13 Aralık 2021 Pazartesi

SA9481/SD2266: Sıkıntı (Roman); 3. Bölüm-Cennet 5

      Sonsuz Ark/ Evrensel Çerçeveye Yolculuk

"Türkiye'nin ABD'ye karşı stratejisi, ABD'ye eşit bir devlet olarak davranma kararlılığını sürdürmesini sağlayacak davranış setini içermeliydi. Geriye atılacak herhangi bir adım Türkiye'nin itibarını sarsacak ve sağlıklı adımlar atmasını engelleyecekti."


Türkiye-ABD ve Türkiye-AB ilişkileri (şimdilerde doğru bir şekilde kurulan Türkiye-Çin ilişkileri ve 2015'ten sonra yeniden kurulan Türkiye-Rusya ilişkileri) her biri kendi başlığı altında yeniden inşâ edilmekteydi ve bu durum ABD-Türkiye, AB-Türkiye şeklinde dayatılan gelenekselleşmiş kolonyal ilişki biçimine alışkın ABD ve Avrupa ülkelerinin çıkarlarını rahatsız edici bir felsefeye sahipti.
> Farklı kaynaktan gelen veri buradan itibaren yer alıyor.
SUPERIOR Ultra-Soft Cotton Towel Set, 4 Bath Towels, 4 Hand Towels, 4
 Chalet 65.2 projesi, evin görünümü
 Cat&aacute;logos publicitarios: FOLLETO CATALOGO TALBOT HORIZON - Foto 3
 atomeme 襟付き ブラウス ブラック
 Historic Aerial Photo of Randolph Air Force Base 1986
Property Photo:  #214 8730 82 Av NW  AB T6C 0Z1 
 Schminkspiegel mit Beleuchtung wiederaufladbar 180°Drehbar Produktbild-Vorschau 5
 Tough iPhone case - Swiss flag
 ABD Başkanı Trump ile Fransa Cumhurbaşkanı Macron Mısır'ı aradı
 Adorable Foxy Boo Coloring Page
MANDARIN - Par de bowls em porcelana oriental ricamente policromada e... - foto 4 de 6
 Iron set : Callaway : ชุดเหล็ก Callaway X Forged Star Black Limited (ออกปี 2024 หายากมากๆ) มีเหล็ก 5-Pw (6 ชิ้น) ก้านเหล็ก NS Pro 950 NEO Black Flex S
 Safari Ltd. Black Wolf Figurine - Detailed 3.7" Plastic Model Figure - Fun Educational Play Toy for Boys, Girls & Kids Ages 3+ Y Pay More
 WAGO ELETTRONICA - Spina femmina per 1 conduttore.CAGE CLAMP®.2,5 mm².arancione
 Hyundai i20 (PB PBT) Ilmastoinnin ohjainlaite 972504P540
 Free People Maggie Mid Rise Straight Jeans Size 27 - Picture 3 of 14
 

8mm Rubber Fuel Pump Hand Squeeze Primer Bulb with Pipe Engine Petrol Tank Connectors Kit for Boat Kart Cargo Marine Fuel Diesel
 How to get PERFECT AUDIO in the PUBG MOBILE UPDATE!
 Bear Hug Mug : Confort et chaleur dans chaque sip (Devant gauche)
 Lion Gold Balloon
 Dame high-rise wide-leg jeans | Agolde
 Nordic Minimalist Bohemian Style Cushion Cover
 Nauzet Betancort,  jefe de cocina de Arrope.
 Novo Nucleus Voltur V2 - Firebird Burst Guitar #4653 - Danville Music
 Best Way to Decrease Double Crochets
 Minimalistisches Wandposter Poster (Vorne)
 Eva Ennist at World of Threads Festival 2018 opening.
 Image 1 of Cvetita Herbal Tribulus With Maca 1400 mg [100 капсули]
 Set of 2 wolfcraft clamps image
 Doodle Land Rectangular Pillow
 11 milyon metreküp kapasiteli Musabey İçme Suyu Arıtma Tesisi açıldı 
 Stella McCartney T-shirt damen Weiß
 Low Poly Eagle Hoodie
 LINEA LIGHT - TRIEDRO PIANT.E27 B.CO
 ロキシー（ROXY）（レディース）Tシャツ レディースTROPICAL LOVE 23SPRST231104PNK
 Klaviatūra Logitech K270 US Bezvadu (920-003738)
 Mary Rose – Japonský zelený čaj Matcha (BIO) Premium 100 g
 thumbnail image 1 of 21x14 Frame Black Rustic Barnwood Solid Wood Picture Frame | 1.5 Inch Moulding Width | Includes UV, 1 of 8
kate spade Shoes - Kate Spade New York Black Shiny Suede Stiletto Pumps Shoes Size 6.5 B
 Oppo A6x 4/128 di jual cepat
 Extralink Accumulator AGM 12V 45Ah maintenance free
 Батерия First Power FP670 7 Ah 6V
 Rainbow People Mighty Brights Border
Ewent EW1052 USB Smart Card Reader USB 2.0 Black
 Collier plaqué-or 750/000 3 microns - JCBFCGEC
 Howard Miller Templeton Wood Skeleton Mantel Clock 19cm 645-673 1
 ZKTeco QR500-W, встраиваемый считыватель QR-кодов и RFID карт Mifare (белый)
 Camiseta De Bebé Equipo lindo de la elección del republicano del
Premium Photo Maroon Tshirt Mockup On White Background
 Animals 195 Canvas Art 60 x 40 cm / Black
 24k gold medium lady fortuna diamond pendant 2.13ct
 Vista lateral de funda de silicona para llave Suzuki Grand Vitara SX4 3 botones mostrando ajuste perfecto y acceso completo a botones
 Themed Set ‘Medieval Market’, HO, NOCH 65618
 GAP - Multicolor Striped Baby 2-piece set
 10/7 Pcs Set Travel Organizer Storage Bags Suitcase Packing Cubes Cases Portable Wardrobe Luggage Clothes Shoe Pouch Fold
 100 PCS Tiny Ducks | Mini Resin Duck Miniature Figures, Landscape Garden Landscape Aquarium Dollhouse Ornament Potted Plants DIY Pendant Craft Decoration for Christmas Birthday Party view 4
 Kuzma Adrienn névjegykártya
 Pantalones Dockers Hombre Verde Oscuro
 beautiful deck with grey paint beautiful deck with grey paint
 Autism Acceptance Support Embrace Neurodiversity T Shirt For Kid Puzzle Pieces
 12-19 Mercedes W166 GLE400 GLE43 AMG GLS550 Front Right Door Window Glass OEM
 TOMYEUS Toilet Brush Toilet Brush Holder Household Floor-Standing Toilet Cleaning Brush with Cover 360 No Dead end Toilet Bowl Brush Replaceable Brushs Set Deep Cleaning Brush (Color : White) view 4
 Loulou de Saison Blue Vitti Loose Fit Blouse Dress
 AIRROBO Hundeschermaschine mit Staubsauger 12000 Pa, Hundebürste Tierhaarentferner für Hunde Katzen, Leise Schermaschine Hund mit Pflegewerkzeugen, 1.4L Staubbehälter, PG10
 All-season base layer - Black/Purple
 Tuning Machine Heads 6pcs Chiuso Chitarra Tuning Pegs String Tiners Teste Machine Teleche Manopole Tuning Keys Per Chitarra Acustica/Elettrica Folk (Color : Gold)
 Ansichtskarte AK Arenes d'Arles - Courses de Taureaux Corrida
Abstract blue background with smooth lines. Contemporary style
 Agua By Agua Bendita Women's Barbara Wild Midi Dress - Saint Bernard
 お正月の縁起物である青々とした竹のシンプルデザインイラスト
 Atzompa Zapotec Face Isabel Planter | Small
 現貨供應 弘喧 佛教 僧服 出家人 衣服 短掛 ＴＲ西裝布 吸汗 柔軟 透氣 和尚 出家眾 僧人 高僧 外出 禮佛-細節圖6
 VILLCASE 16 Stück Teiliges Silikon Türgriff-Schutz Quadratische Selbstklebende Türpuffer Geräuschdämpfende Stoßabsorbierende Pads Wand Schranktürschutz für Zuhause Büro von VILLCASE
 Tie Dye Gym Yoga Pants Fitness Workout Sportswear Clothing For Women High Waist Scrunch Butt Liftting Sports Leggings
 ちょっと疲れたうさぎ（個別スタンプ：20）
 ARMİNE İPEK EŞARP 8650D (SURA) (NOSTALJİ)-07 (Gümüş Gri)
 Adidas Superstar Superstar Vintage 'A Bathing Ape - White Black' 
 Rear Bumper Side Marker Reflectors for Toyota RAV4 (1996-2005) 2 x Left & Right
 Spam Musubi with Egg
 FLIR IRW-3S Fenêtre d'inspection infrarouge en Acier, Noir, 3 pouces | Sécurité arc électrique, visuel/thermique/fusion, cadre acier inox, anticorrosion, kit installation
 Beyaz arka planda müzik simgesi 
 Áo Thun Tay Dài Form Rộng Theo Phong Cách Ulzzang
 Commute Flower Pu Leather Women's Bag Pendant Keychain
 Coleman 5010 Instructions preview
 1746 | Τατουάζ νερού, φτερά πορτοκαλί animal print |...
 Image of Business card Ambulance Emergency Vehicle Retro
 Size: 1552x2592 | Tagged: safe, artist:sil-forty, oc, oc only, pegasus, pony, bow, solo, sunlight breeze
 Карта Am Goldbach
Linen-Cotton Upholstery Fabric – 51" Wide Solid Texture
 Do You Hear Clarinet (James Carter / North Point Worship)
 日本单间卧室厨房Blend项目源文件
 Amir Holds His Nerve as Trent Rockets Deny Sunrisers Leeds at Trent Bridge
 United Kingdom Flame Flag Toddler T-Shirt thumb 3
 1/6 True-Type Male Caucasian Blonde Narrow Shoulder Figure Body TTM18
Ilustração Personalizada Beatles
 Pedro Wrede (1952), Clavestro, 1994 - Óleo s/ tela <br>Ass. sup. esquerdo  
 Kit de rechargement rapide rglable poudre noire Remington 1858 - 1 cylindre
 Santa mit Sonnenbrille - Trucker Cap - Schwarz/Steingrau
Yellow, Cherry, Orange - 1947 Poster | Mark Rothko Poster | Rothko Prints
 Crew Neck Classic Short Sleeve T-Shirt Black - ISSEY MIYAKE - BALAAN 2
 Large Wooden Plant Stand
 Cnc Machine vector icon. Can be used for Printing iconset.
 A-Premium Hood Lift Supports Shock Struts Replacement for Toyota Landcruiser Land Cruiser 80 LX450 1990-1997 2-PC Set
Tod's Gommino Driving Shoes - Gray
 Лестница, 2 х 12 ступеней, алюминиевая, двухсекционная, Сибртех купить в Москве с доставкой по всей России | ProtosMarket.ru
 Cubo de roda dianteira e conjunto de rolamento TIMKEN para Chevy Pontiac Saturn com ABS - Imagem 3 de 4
Erdoğan'ın şahsında eşit haklara sahip bir devlet olarak masaya oturan Türkiye'nin varlığı Küresel Sistemi rahatsız etmekteydi. 

Putin, defalarca uyarılmasına rağmen Türkiye topraklarında manevra yapan savaş uçaklarıyla Türkmendağı'nda kardeşlerimizi bombalarken "Türkiye siyasetçilerinin esnek olabilme" kapasitelerinden bahsederek Türkiye'yi aşağılıyor ve liderlerimizle alay ediyordu. Türkiye'nin angajman kuralları gereği düşürdüğü kimliksiz savaş uçağı Rusya'ya ait çıkınca da ortaya çıkan kriz, Putin uluslararası arenada yalnız kaldığı için altı ay gibi kısa bir sürede çözüldü ve Putin Türkiye'ye saygı duymak zorunda kaldı, FETÖ detayı ikili çıkarlar öyle gerektirdiği için sorunun çözümünde Putin tarafından aktif bir şekilde kullanıldı ve konu hızla kapatıldı. Bu Türkiye-Rus ilişkilerinin de yeniden tanımlanması demekti ve sonuç alındı.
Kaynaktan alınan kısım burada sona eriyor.